Quarante-cinq minutes pour relancer une discussion qui semblait mort-née. Mercredi à Davos, en marge du World Economic Forum (WEF), Joseph Deiss a rencontré Robert Portman pour parler des relations commerciales entre les deux pays. Tout juste lancé, le projet d'accord de libre-échange avait tourné court après un recul du Conseil fédéral la semaine dernière.

Dans le hall du Morosani Posthotel, le conseiller fédéral en charge de l'Economie et le délégué américain au Commerce ont réaffirmé vouloir négocier. «Nos économies ont noué d'excellentes relations, qu'il faut renforcer. Mais nous devons d'abord trouver un cadre de discussion», a expliqué Robert Portman. «Un accord de libre-échange, une coopération renforcée? Il est trop tôt pour le dire», a complété Joseph Deiss. Si la seconde possibilité est retenue, cela ouvrirait la porte à un dialogue laissant de côté certains domaines sensibles. Comme l'agriculture? Aucune précision n'a été apportée.

Mercredi toujours, Pascal Couchepin avait rappelé dans un entretien publié par la Neue Zürcher Zeitung qu'il n'était pas question de sacrifier l'agriculture au profit des autres secteurs de l'économie, comme l'industrie. «J'ai l'impression qu'economiesuisse considère un accord de libre-échange comme un signe d'amitié avec les Etats-Unis, mais il faut mettre dans la balance les avantages et les inconvénients d'un tel accord», a-t-il dit.

Sa signature n'est toutefois pas pour demain.

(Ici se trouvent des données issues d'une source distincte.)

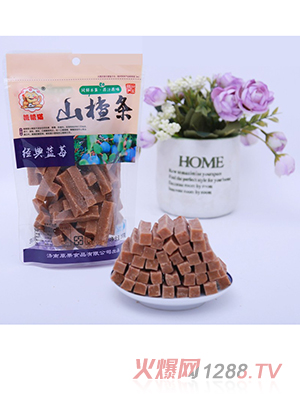 糖糖貓藍莓山楂條260g袋裝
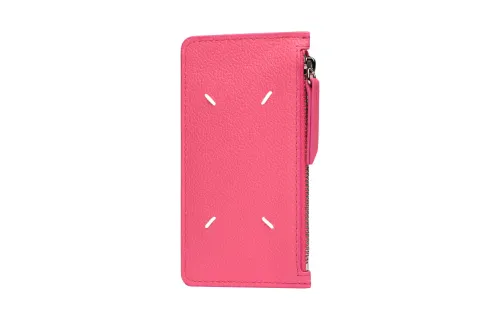 Maison Margiela Calfskin Wallet Women's Coral Powder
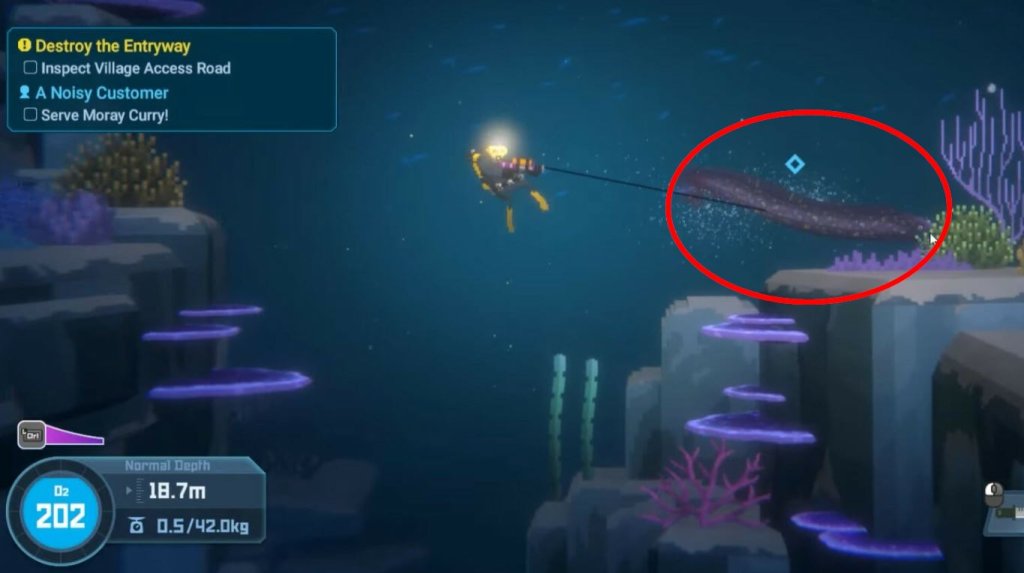 Dave the Diver мурена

Tant que le cadre de négociations n'est pas fixé, «il est trop tôt pour négocier», précise Joseph Deiss. Le chef du Département fédéral de l'économie doit encore revoir le représentant américain d'ici à la fin de la réunion annuelle du WEF, dimanche.

Cependant, même si les discussions n'aboutissent pas cette semaine, les deux responsables continueront à dialoguer. Ils ont aussi rappelé l'intérêt que leur gouvernement respectif porte à ce dossier. «Nous devons travailler plus ensemble», a conclu, en français, Robert Portman.